A Co-op Wages a Legal Battle Straight Out of a Dickens Novel
Sept. 7, 2017 — Georgetown Mews has been fighting a lawsuit for nearly two decades.
This lawsuit sounds like a cross between an episode of The Twilight Zone and a Victorian novel.
“It’s actually worse than Bleak House,” says attorney James Samson, referring to the Charles Dickens novel that features a legal battle over an inheritance that drags on for so many generations that the legal fees and court costs finally devour the contested inheritance.
The lawsuit Samson is referring to has dragged on for a relatively modest 18 years – since his client, the board at the 930-unit Georgetown Mews co-op in Kew Gardens Hills, Queens, was sued by a shareholder after his upstairs neighbor caused a flood in his ground-floor apartment. The case is still in court today.
“We believe the flood came from the upstairs apartment, probably from a dishwasher hose,” says Samson, a partner at the firm Samson Fink & Dubow, who has represented the co-op since 1989. “It was a simple water-damage case.”
Well, not so simple. After the insurance companies of both the upstairs and downstairs shareholders paid for repairs to their respective apartments, the downstairs shareholder sued the co-op, claiming “latent defects” had caused the flood, though the complex was built in 1952. The shareholder stopped paying his monthly maintenance, which led the board to move to evict him, which led the shareholder to agree to resume payments, which he did, sporadically. Courts have blocked the co-op from foreclosing until the case is resolved. The arrears now amount to about $30,000, and the board’s insurer has so far failed to get the injunction lifted.
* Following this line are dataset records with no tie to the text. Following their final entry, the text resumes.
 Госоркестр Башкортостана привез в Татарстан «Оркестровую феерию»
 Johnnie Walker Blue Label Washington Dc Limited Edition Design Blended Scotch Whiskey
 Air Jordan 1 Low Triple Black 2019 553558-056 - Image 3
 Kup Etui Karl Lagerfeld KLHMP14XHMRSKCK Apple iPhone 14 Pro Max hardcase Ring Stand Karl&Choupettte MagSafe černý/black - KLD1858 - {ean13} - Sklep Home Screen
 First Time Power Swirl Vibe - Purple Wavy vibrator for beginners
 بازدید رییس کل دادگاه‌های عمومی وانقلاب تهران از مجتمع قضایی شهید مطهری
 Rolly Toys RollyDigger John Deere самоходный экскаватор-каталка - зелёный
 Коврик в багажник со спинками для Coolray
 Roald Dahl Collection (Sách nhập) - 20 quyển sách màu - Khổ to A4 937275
“This is what you get when you allow your insurance company to hire your lawyer,” Samson says. “Insurance company logic is that they do not attack, they passively defend. From their point of view, they’re winning because they haven’t had to pay out anything or go to court. The upstairs neighbor has moved out. The downstairs neighbor hasn’t paid $30,000 in maintenance. Everyone’s a winner except Georgetown Mews. I’ve tried to get the board to sue its insurance company, but they don’t want to waste the time, energy, and money. Co-op boards sometimes don’t realize that you get what you pay for. If your lawyer is passive, bad things happen. And that’s what happened here.”
Mary Fischer, president of the Georgetown Mews co-op board, says, “Here’s the bottom line: shouldn’t there be a law that insurance companies have to settle a case in a timely fashion?” That said, she adds that this case is a relatively minor concern for a board that is installing one of the largest residential solar projects in the state. “Where am I going to use my money?” Fischer says. “On boilers and solar energy, or on settling this insurance problem? My priority is on capital improvements that better the whole corporation.”
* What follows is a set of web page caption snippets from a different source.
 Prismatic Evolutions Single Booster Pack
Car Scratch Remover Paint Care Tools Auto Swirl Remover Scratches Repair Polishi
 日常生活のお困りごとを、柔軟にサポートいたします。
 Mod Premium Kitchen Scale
The existence of pending litigation in a co-op creates problems. Every time a shareholder tries to sell an apartment or the board tries to refinance its underlying mortgage, the nature of the pending litigation has to be explained to placate potential buyers and lenders. “And that runs up legal fees,” Samson says. “It’s a permanent irritation.”
But Samson predicts that this case will be resolved – eventually. The board has placed a lien on the plaintiff’s apartment, which means he can’t sell the unit or refinance his mortgage until he has paid the arrears. Even if he holds onto the apartment, it’s safe bet that one day he will die. When he does, the shares can be transferred only after the arrears are paid.
“The board will get its $30,000,” Samson says. “Maybe not in my lifetime, but they’ll get it.”